In some cases the order leaving the card starts to emerge before the packet containing the market data event that they're responding to has even finished arriving.
Waiting for a full microsecond for the packet to arrive before responding means you're already too slow
The speed game is essentially over
Doesn't the fact that a modern FPGA-centric (probably ASICs in the mix too at this point) hybrid NIC/order-parser/state-machine thing is rumored to be able to hit glass-to-glass of ~20-40ns mean that the speed game is hotter than ever?
Do you mean that because it involves a lot of hardware design now? The days of being able to offer around the inside in C++ on a regulated securities exchange are over, but there's still C++ driving the thing, that 20ns "tick to trade" or however it's being measured in some instance is still pretty basic response stuff, light speed is still a thing. There's a C++ program upstairs running the show, and it's trying to do it's job in under a mike for sure.
The OG talk on this is Carl Cook's: https://www.youtube.com/watch?v=NH1Tta7purM
But there are more recent talks (Optiver is especially transparent about it but other people talk about it too): https://www.youtube.com/watch?v=sX2nF1fW7kI, that's David Gross at CppCon last year, it can't have changed that much since last year.
That’s irrelevant to the fact that the expected PnL on a millisecond of latency improvement is a lot more than 1M in some markets. Obviously if you are getting what ever trade you are concerned with off in less than one millisecond, the question isn’t well posed.
There are many more games to play than delta one takeout and the solutions certainly don’t fit on one or a handful of FPGA’s.

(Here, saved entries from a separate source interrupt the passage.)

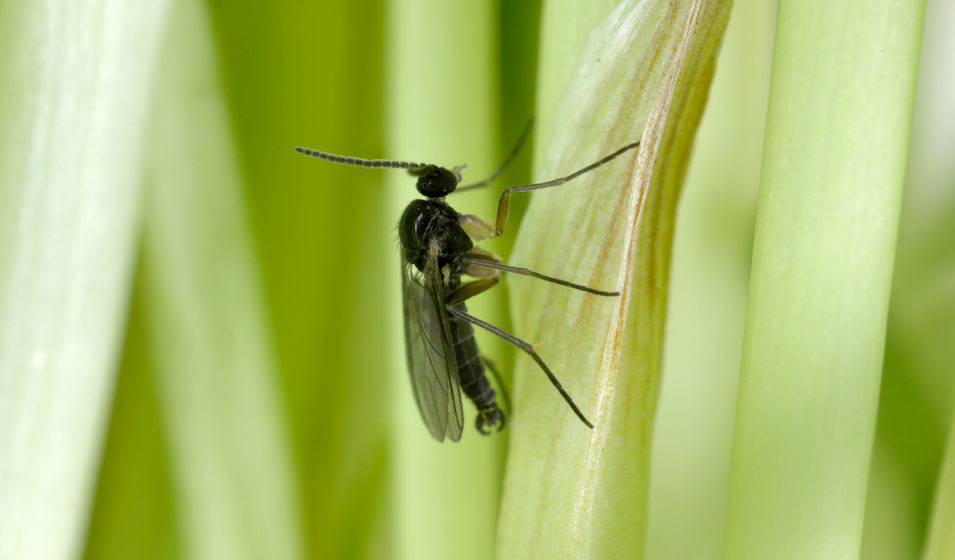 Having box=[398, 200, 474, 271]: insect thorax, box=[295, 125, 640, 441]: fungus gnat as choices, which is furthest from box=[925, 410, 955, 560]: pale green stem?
box=[398, 200, 474, 271]: insect thorax

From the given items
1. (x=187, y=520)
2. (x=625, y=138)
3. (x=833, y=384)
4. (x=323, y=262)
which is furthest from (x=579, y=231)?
(x=187, y=520)

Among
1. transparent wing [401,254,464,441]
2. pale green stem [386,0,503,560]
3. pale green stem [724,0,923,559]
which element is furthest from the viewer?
transparent wing [401,254,464,441]

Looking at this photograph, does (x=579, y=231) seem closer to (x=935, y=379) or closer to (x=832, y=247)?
(x=832, y=247)

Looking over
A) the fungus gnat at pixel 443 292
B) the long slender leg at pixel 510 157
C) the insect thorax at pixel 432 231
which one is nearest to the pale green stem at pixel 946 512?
the fungus gnat at pixel 443 292

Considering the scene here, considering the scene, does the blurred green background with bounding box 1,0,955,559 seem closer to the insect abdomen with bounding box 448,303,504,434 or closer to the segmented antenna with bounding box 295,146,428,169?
the segmented antenna with bounding box 295,146,428,169

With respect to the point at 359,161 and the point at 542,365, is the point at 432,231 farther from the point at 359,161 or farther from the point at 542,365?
the point at 542,365

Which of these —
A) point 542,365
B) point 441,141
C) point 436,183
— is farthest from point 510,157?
point 542,365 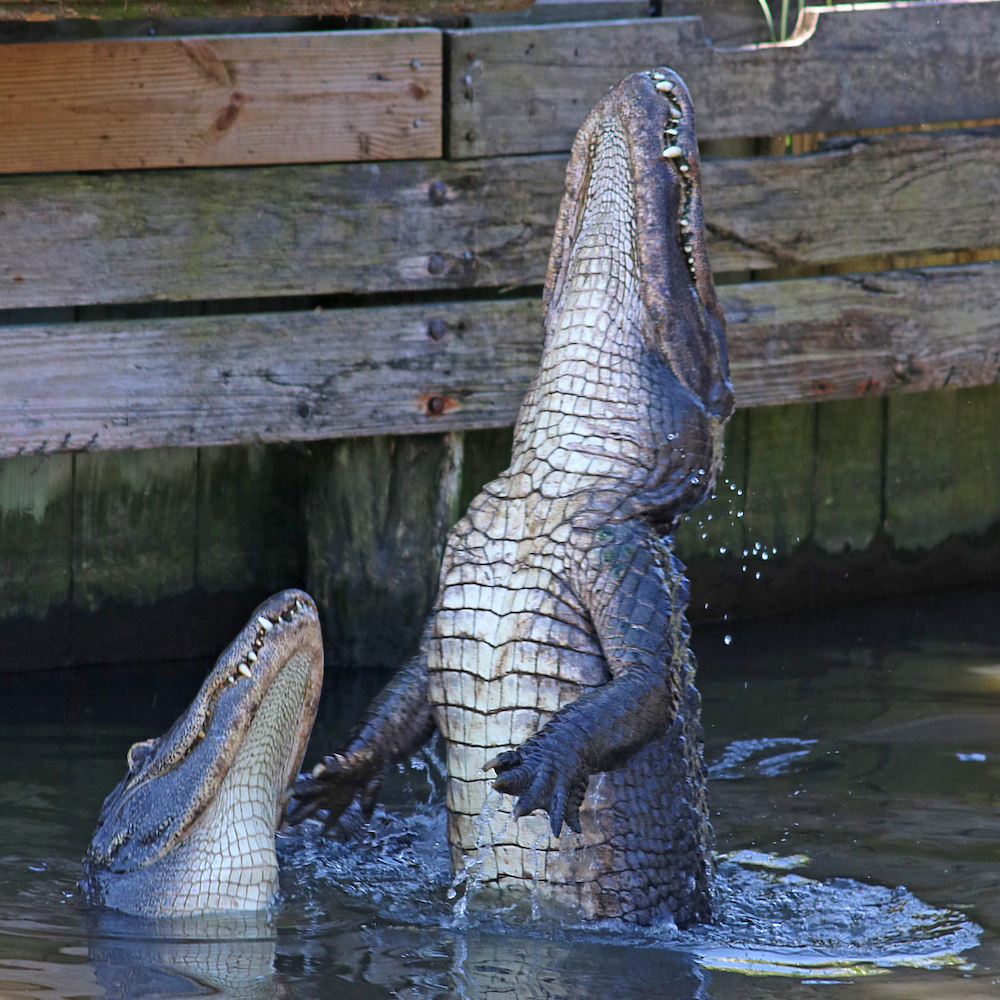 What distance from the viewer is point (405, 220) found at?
4.56m

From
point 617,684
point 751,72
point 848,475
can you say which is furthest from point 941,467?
point 617,684

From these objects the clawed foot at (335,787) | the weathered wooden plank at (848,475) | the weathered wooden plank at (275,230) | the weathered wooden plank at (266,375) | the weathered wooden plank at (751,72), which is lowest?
the clawed foot at (335,787)

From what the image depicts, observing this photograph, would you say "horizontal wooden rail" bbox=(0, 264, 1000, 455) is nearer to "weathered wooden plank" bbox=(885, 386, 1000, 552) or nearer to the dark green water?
"weathered wooden plank" bbox=(885, 386, 1000, 552)

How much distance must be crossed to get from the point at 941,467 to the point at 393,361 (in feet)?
7.89

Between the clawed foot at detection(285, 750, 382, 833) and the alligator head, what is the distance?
0.05 metres

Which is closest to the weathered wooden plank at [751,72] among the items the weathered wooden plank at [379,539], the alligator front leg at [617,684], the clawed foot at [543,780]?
the weathered wooden plank at [379,539]

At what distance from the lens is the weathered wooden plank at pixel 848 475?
5.78 meters

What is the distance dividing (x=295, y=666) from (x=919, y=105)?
3.09 metres

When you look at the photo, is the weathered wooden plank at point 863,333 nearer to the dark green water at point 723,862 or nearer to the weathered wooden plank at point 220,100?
the dark green water at point 723,862

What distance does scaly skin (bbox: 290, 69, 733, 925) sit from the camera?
297cm

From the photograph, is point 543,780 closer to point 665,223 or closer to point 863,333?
point 665,223

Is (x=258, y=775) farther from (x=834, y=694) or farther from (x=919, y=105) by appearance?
(x=919, y=105)

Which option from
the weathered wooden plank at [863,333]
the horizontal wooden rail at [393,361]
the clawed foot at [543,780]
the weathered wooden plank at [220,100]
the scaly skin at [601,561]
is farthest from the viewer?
the weathered wooden plank at [863,333]

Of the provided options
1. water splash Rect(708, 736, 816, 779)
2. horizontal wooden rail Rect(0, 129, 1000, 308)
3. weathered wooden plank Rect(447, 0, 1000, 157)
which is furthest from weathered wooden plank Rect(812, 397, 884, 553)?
water splash Rect(708, 736, 816, 779) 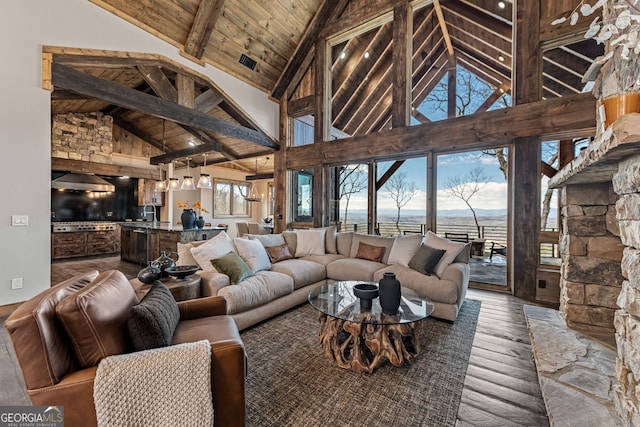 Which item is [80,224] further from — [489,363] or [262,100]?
[489,363]

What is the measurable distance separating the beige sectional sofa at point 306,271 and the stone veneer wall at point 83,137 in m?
6.39

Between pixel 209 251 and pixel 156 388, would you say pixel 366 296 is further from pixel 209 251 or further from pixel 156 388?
pixel 209 251

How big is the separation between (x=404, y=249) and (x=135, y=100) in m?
4.78

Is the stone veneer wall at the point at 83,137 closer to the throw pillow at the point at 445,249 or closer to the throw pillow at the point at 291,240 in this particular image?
the throw pillow at the point at 291,240

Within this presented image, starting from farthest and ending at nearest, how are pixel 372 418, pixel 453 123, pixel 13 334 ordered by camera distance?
1. pixel 453 123
2. pixel 372 418
3. pixel 13 334

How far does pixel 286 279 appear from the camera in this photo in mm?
3322

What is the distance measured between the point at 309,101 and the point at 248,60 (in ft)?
5.20

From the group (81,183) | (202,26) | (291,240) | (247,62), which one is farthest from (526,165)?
(81,183)

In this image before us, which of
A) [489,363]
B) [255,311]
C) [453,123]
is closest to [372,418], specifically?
[489,363]

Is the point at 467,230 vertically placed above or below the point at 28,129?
below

I took the parent post to mean that a few large firms have emerged as clear winners of the speed game, and most other companies compete on (relatively) longer time scales now.

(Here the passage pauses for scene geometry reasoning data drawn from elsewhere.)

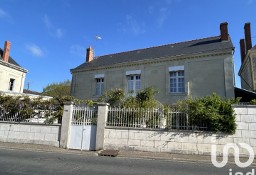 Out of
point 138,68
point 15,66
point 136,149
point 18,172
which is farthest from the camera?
point 15,66

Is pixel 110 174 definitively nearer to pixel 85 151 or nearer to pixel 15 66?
pixel 85 151

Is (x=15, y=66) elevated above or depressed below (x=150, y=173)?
above

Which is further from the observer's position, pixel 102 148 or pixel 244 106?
pixel 102 148

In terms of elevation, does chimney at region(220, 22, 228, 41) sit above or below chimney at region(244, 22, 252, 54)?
below

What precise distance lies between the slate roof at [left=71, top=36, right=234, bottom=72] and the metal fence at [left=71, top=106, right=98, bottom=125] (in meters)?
7.83

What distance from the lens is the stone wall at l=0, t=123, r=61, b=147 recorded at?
10328mm

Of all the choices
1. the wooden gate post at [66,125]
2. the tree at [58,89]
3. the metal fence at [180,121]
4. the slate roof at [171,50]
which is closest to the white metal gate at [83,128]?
the wooden gate post at [66,125]

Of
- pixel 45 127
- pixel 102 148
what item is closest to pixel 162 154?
pixel 102 148

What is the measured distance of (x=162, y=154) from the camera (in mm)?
8602

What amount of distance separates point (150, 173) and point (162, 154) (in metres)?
3.19

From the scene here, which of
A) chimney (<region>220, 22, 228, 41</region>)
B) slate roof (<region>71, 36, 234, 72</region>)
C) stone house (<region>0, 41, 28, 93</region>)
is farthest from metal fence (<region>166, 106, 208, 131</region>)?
stone house (<region>0, 41, 28, 93</region>)

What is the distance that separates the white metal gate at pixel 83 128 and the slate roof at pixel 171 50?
26.1 feet

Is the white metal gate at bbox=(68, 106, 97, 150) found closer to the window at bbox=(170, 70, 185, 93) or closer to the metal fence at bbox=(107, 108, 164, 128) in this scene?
the metal fence at bbox=(107, 108, 164, 128)

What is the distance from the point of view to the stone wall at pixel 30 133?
10.3 m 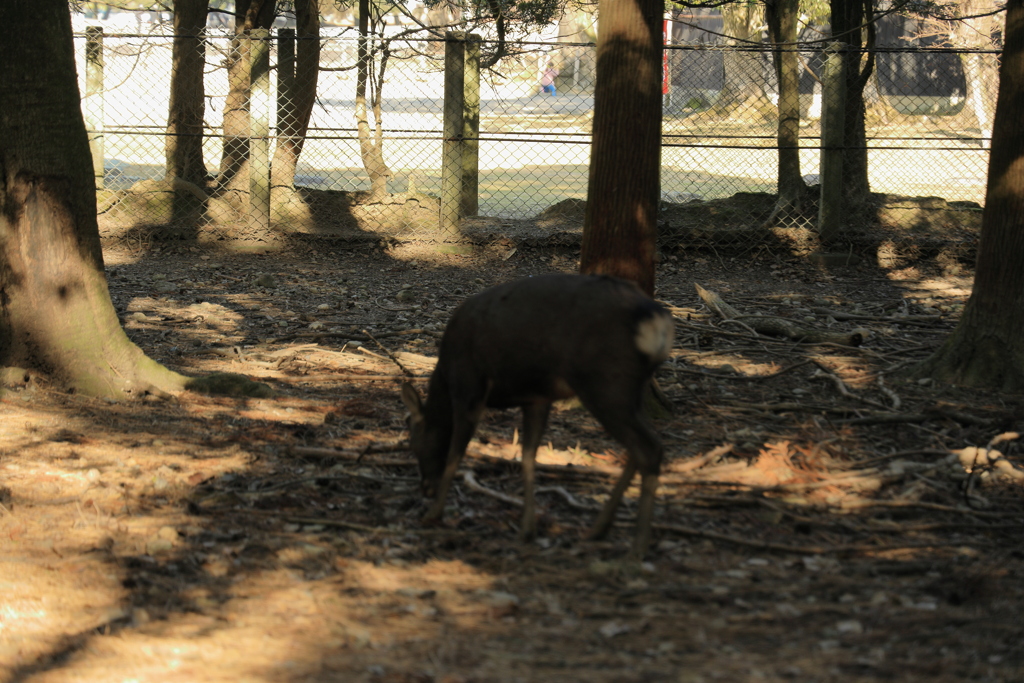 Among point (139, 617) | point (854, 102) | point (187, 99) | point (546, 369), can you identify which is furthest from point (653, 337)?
point (187, 99)

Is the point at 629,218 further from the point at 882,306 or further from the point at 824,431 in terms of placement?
the point at 882,306

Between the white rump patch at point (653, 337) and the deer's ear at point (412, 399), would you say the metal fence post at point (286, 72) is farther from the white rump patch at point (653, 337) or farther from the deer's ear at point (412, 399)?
the white rump patch at point (653, 337)

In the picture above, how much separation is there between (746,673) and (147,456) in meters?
3.12

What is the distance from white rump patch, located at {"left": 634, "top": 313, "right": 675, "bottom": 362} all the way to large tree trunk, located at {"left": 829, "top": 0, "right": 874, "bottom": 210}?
7488 mm

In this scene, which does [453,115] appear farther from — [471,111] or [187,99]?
[187,99]

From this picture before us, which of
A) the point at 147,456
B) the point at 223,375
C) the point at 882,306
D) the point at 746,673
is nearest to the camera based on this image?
the point at 746,673

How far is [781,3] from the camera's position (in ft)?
37.3

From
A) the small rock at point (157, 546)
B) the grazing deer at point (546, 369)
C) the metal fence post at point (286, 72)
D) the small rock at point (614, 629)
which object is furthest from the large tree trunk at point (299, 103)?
the small rock at point (614, 629)

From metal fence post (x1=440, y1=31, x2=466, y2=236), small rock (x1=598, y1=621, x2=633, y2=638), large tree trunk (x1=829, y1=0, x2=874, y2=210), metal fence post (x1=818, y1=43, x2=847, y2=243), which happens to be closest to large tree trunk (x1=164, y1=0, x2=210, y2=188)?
metal fence post (x1=440, y1=31, x2=466, y2=236)

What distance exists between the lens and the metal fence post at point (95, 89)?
10359 millimetres

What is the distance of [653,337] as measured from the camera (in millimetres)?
3521

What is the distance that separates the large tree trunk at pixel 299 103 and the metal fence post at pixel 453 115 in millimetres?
1696

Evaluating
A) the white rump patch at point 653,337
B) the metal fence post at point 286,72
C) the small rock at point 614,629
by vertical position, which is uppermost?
the metal fence post at point 286,72

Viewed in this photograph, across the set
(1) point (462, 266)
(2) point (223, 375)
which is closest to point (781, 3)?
(1) point (462, 266) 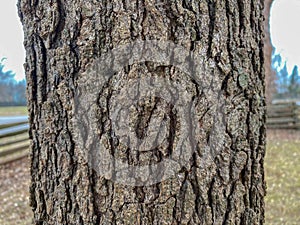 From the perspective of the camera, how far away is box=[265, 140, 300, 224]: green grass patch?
3545mm

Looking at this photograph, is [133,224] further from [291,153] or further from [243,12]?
[291,153]

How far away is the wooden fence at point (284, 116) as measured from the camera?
10625 millimetres

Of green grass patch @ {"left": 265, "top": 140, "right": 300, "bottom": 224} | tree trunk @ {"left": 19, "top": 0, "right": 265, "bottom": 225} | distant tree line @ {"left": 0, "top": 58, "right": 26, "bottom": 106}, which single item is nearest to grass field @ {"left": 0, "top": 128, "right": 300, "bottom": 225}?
green grass patch @ {"left": 265, "top": 140, "right": 300, "bottom": 224}

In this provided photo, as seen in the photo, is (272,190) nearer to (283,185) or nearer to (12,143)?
(283,185)

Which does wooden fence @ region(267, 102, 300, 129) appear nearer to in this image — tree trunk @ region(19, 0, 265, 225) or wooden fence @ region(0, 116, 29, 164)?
wooden fence @ region(0, 116, 29, 164)

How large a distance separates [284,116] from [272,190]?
686 cm

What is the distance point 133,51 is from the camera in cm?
96

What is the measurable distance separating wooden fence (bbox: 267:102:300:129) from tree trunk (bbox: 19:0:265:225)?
10160 mm

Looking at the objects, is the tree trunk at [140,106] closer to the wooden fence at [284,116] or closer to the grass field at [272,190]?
the grass field at [272,190]

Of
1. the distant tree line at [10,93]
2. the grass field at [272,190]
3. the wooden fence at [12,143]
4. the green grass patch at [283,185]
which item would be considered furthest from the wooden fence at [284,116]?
the distant tree line at [10,93]

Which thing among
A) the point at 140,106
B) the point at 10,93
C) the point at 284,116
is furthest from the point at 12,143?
the point at 10,93

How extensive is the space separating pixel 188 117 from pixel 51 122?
369 millimetres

> i.e Tesla posts horrible quarter numbers, but stock goes up
This is a non sequitur from who’s winning the HFT game
If that was the case, why use Python in the first place?
It's not uncommon to have a fast core and then an API that alpha / research teams feed signals into
if you are someone like HRT I presume the bulk of their money comes at very short holding periods so you have e.g. fast signals that work short term and then mid frequency alpha signals that spit out a forecast over a few timeframes i.e. it might not be that they buy (aggressively) really quickly but rather than someone sells to them and then they hold onto the position for longer than they would if they have no opinions.

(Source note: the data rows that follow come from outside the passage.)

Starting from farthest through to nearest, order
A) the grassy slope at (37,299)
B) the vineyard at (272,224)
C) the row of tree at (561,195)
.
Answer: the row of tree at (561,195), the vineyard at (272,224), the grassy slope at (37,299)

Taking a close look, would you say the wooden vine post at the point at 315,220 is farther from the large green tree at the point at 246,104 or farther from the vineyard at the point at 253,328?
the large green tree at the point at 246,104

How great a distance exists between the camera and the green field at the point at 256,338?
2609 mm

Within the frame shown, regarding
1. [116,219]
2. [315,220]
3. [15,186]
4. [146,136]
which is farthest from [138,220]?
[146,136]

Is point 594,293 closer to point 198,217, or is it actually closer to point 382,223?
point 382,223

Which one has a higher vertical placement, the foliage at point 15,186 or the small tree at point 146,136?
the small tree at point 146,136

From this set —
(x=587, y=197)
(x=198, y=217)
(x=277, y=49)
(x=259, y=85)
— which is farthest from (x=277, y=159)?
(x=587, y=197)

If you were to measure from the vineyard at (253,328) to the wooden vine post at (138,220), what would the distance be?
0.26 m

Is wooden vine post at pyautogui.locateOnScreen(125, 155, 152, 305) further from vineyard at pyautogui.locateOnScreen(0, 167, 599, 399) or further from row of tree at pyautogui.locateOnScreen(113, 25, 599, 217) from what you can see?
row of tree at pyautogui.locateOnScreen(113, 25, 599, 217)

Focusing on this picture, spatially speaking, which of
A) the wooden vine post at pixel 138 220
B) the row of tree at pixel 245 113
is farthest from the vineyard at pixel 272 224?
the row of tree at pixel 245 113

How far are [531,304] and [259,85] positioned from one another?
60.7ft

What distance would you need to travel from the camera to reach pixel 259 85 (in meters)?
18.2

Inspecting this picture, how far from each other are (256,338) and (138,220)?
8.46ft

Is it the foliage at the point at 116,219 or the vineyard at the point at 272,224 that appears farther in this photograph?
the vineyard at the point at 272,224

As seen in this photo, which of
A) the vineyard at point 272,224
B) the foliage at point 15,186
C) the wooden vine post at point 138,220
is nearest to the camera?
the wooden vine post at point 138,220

Similarly this shapes where you post your orders e.g. if you really want it then you want to be top of the book
They’re not doing the fast stuff in python; nevertheless it’s worth their engineering to make the parts they do in python fast
Well there's gonna be people writing code who can't do it in say a high performance C/C++ setup. Not professional programmers, but professional <some finance discipline>.
Sometimes it will be worth the tradeoff to put that person and a programmer together to code up a solution in another language. Sometimes it will be worth it to have the non-programmer write it in Python and then do Herculean things in the background to make it fast enough.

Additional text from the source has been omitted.